AT least you know the name and address of the OW that could prove very good ammunition in the future.

cozietoesie · 26/08/2013 00:26

Lordy

He couldn't tell you about the ccs and expenses because they weren't for you, sweet.

Are you supposed to be going to work tomorrow?

Imonlydreaming · 26/08/2013 00:34

I asked him if it was only texting and he wasn't with her every time he was away for work ( as he says) why text her and not me?

OP posts:
DelayedActionMouseMaker · 26/08/2013 00:37

oh dreaming...i'm gutted for you that this is happening. do you have anyone nearby who you can call on tonight that might be able to come and support you? As difficult as it must be right now you need to make some decisions...

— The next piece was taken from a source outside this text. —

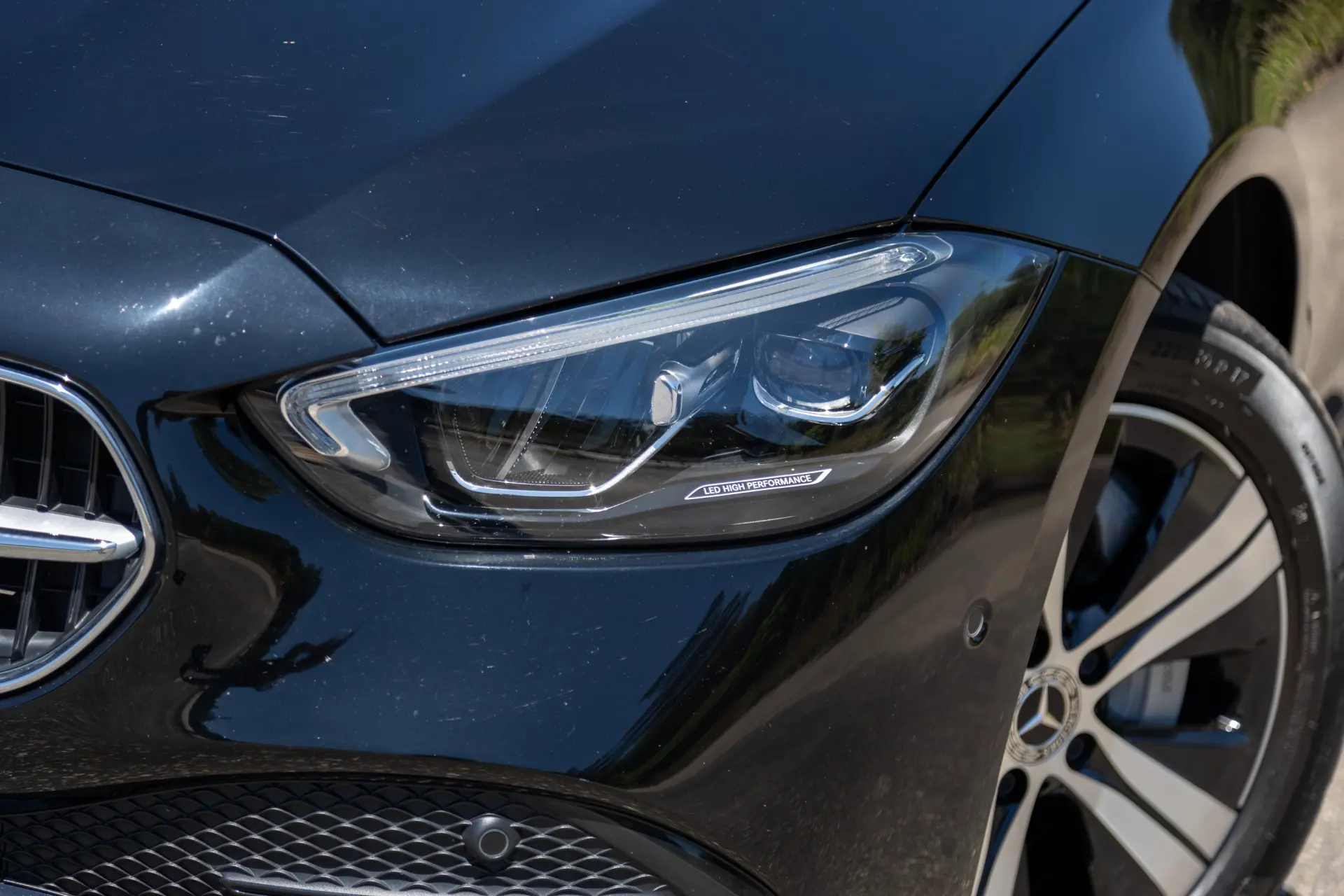 Mercedes-Benz C 300 e T 9G-TRONIC Avantgarde 75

So your worst fears have been confirmed. Now you need to try and clear your head of all the gutted emotions you must be feeling and decide what do you want to happen next? From personal experience and a LOT of threads on here this is just the first part of what you are likely to find out and you need to be ready for the whole story.

It seems highly unlikely to me that he is remotely telling you the truth about what has happened with this OW. He will admit to only the things which have been proven at first. Has he told you what happened to the bonus money and the loan?

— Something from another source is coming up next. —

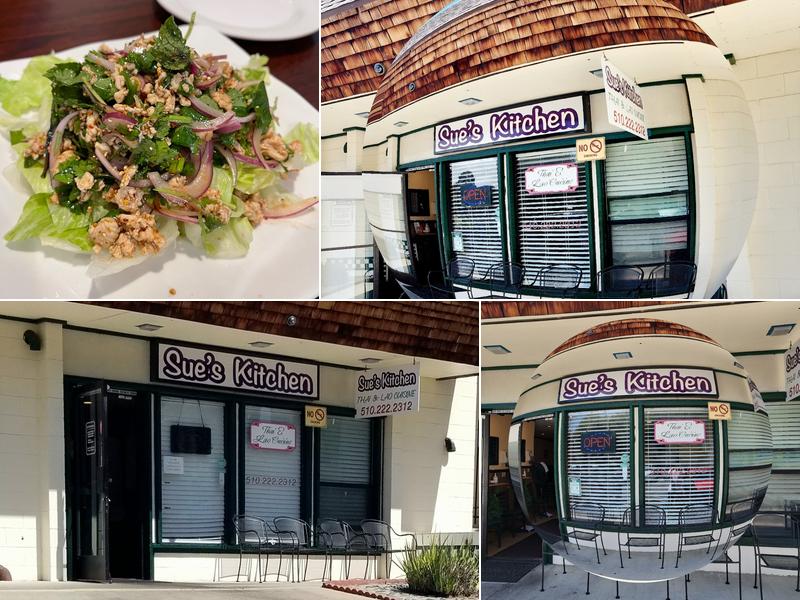 Sue's Kitchen 448 Valley View Rd suite h, El Sobrante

You NEED to see a solicitor as soon as possible, you need to decide if this is it for you in regards to your relationship, quite independently of what he wants or the guilt you'd feel if you two split up. You need to think about the possibility that he is still bullshitting you and may have plans to leave you in the lurch, cover yourself as much as possible financially. Get copies of all relevant paperwork, make sure YOU have the children's passports. (If it were me I'd be hiding his too.)

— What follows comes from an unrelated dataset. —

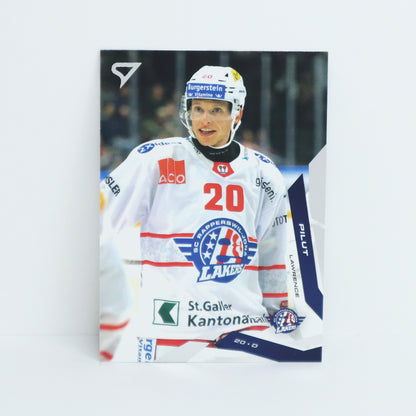 323 - SCRJ - LAWRENCE PILUT - BASE SET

I think if you want to get thorough this and come out the other side as a couple then you need to act decisively and with dignity. If he believes at this point in time that he can win you over or continue to bullshit you then he still does not respect you and your relationship is toast anyway.

You pack him a bag and ask him to leave and give you some time to decide what happens next. He cannot contact you unless you contact him first, he cannot come home til you say you are ready. You go and do all the practical stuff you need to, and think about what you want from your life. Only when you have decided can he contact you and hear your terms.

D you want a man who you can possibly never trust again? If you are to trust him what does he need to do from now on to make things work again? Can you live with him still working with her, still going away all the time, wondering what's going on?

Will he attend counselling? Is he prepared to do what it takes to rebuild your marriage? Will he leave his job if that's what you need? Does he very quickly get annoyed with your questions or is he prepared to hear you asking again and again until you can cope with what he has done?

I can't imagine your inner turmoil right now, but if you have some idea of what you can accept and what you want then its a start to taking control of the situation and making sure YOU are your priority, not him.

I'm so sorry dreaming.

whitesugar · 26/08/2013 00:37

Just remember how many lies he blithely told you before you confronted him. Why would you believe a word he is telling you now? He had to stay over because he worked an hour and a half away. Where I live this travel time is the norm. So he was only having a texting relationship and yet didn't meet the OW for sex when he had a room away from home. Hardly likely. Try your best to change the hurt you are feeling in quite righteous anger.

Get a sick line for work for a few weeks and tell him to get out of your house. Then sit back and watch him totally shit himself. The OW is really going to love the idea of looking after someone else's twin toddlers who like all babies are sick quite often. She will run a mile. You hold all the cards.

Try to take support tonight from other mums who have been through this and came out the other side stronger. This will happen to you whatever you decide.